The Master said, "Let me first pay homage to you, and then I will cover up for you." He could only say,“ The student bows to the monk". I don't care what faults you have, but I won't mention them anymore. I've gone through all this trouble to cover up for you already.
Sung was overjoyed at his answer. Hearing him reply like this, Wan Sung knew that he had eloquence, and some wisdom. The question did not stump him. If he had no eloquence, when Wan Sung asked what his faults were, he would not have replied, "I've covered up your faults and won't mention them anymore." So when Elder Wan Sung heard him, he felt that this person could be of some use. He was quite okay, and could serve as a vessel of the Way. That's why Wan Sung was elated.

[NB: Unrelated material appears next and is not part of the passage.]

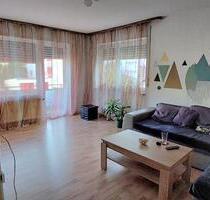 4-Zimmer-Wohnung mit Balkon und Garage - Satteldorf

Kubfai Khan gave the Master the authority to manage all of Chinese Buddhism, both inside and outside of Mongolia.
In the reign year Ren Cheng, the Master became the abbot of Shau Lin Monastery. In the reign year Wu Sheng, during the reign of Emperor Ding, he was made the abbot of Sying Gwo (Flourishing of the Nation) Monastery in He Lin (Peaceful Forest) by imperial decree. In the reign year Syin Hai, during the reign of Emperor Syan, he was summoned to the Bei Geng Ting (the Northern Palace) to answer questions about the Spiritual Path (the Tao).
Bei Geng Ting is Mongolia. The Emperor invited him there in order to consult with him about the Buddhadharma.
In the year Geng Shen during the reign of Emperor Shr (Emperor Shr of the Ywan Dynasty was also known as Kublai Khan),
the Master was made the manager of the Buddhist religion. Kublai Khan gave the Master the authority to manage all of Chinese Buddhism, both inside and outside of Mongolia.
He rebuilt ruined monasteries and nunneries in the land. He re-established the temples of Bhikshus and Bhikshunis which had been destroyed. During that time, he rebuilt over 230 temples, using quite a substantial amount of money in the process.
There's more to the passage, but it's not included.